Chelsey Reist is just as good as the woman with the glare-ice mind that takes offense at the slightest provocation and responds in ways neither we nor the other characters expect. Her big moment comes when she – who’s already outfitted a room in her own home as a nursery and even posted Emma’s name on the wall, indicating what she’s really after from her relationship with Adam – proposes to him. Instead of immediately accepting her offer he hesitantly says, “Let’s wait a while and slow down.” She goes off into a hissy fit that ends with her not only rejecting his ham-handed advance (earlier it’s become clear to us, if not to him, that the only reason she’s having sex with him is to manipulate him) but ultimately leaving him flat and obviously deciding she’s going to take Emma with or without her dad.

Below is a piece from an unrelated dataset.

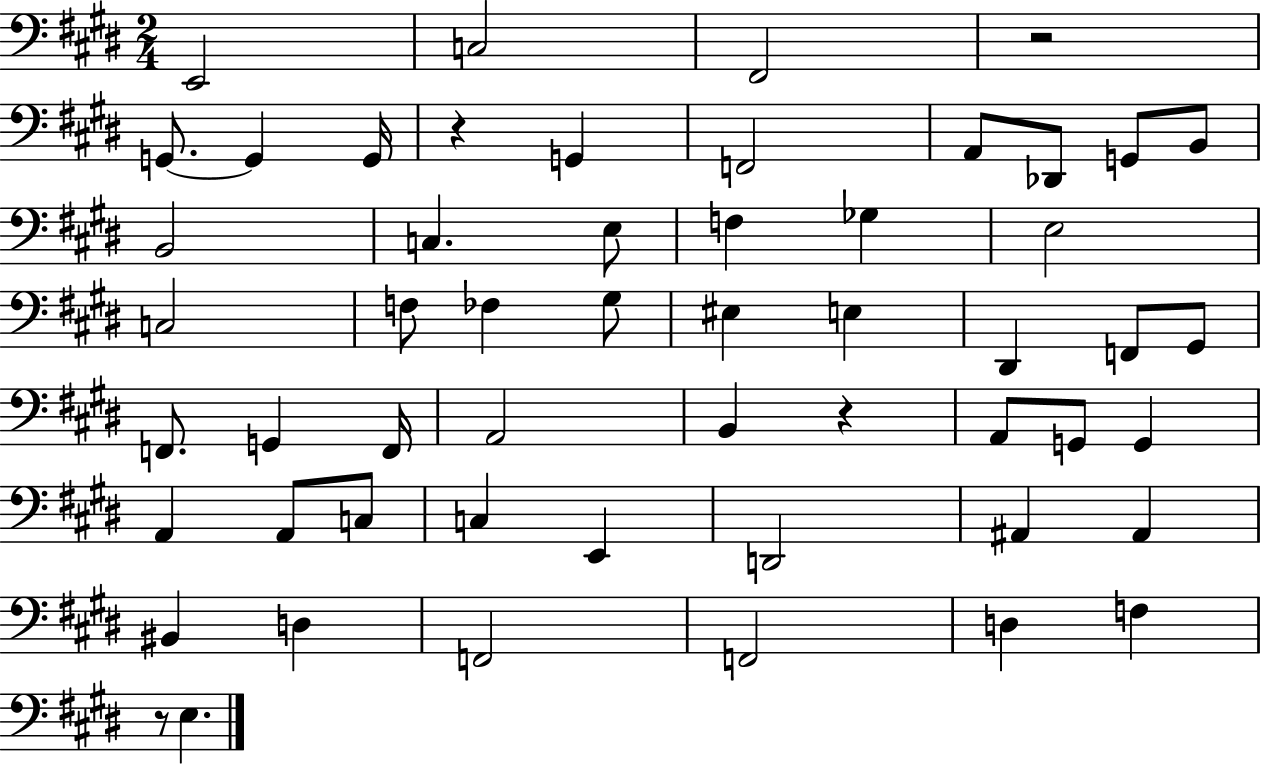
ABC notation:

Instead of the usual ways psychos get played – the old-fashioned eye-rolling stuff, the nice person-next-door Alfred Hitchcock and Anthony Perkins used in Psycho, or the overwrought perkiness of most teen (or 20-something) girl psychos in previous Lifetime movies – Reist’s performance is chilling in its off-handed intensity, more like a real crazy person than a movie character: the sort of person you could have a rational conversation with until something unbeknownst to you sets them off and they go off the normal track. Despite the dumb title, My Husband’s Killer Girlfriend is quite a good movie, and one would hope the director, the writer and the two women in the leads can all get careers beyond the confines of Lifetime!